I have a table like
--------------------|
Val
--------------------|
1, M A ,HELLO,WORLD |
2, M 1A,HELLO WORLD |
---------------------
I want to split the above dataframe so it contains 3 cols below.
----------------------
a | b | c |
----------------------
1 | M A | HELLO,WORLD|
1 | M 1A| HELLO WORLD|
----------------------
I have used the below code but does not work as expected. Is there a way to contain all characters after 5 charcters in col c etc and character 2-5 in col b.
df = df.withColumn('Splitted', F.split(hadf37dr_df['Val'], ',')).withColumn('a', F.col('Splitted')[0]).withColumn('b', F.col('Splitted')[1]).withColumn('c', F.col('Splitted')[2])

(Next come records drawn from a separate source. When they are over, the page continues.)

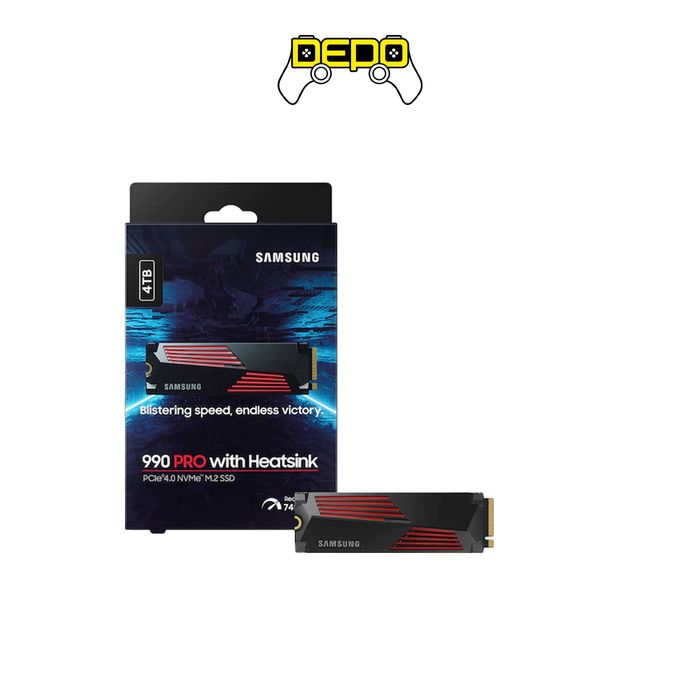 ССД от Samsung - 990 Pro 4TB Gen 4 with Heatsink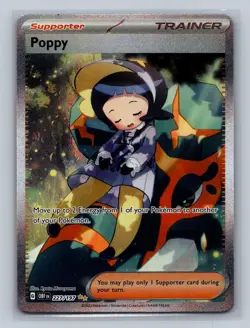 Poppy 227/197 Special Illustration Rare Obsidian Flames NM 2023 Free Shipping - Image 1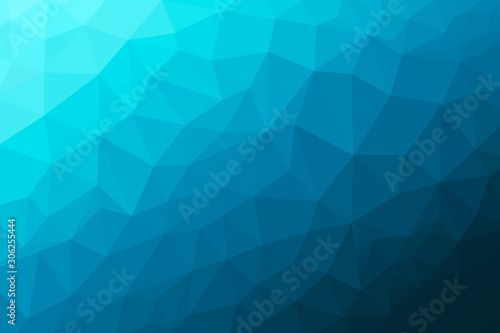 Light blue low poly background, polygon pattern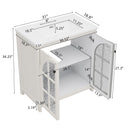 Vintage Farmhouse Bathroom Vanity With Ceramic Sink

CodePudding user response:
You can use df.Val.str.extract(...)
to split a string column into multiple columns.
https://pandas.pydata.org/docs/reference/api/pandas.Series.str.extract.html
If you are having this issue because the file you are reading is actually formatted in fixed-width instead of comma-separated for example you might want to use read_fwf(...)

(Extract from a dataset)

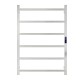 800Hx600Wx110D Square Chrome Electric Heated Towel Rack With Timer 6 Bars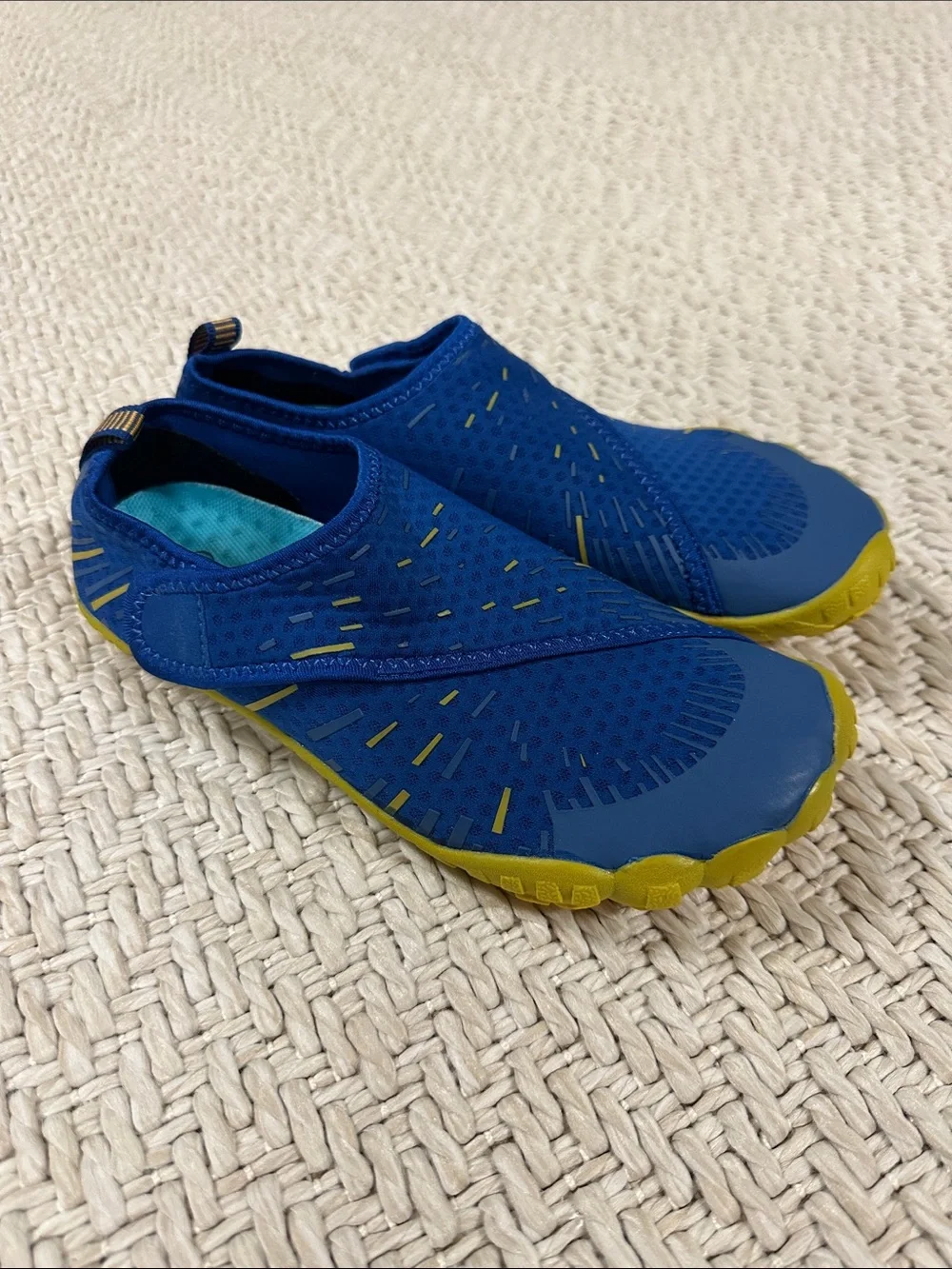Kids Blue and Yellow Slip-On Water Shoes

from the pandas library to avoid this problem in the first place.
https://pandas.pydata.org/docs/reference/api/pandas.read_fwf.html
CodePudding user response:
why split a dataframe by length of characters
to achieve goal for splitting based on fisrt occurance of coma? if so
df = pd.DataFrame([i.split(',', 1) for i in df.Val], columns=['b', 'c'])
Gives #
b c
0 M A HELLO,WORLD
1 M 1A HELLO WORLD
CodePudding user response:
if you want to this in pyspark you need F.concat_ws which concat elements of a list and return it as string and you need F.slice which slice elements of a list from 'head' with specified 'length'. because you need to set length you need size of array which you can have with F.size.
(
df
.withColumn('Splitted', F.split(df['val'], ','))
.withColumn('a', F.col('Splitted')[0])
.withColumn('b', F.col('Splitted')[1])
.withColumn(
'c',
F.concat_ws(
',',
F.slice('Splitted', 3, F.size('Splitted') - 2)))
).show()
------------------- -------------------- --- ----- -----------
| val| Splitted| a| b| c|
------------------- -------------------- --- ----- -----------
|1, M A ,HELLO,WORLD|[1, M A , HELLO,...| 1| M A |HELLO,WORLD|
|2, M 1A,HELLO WORLD|[2, M 1A, HELLO ...| 2| M 1A|HELLO WORLD|
------------------- -------------------- --- ----- -----------
CodePudding user response:
If splitting the strings from your original table df with column 'Val' is just based on positions (as you write), you can slice them as follows to obtain df1
df1 = pd.DataFrame(columns = ['a', 'b', 'c'],
data = [[row[0], row[2:7], row[8:]] for row in df.Val]])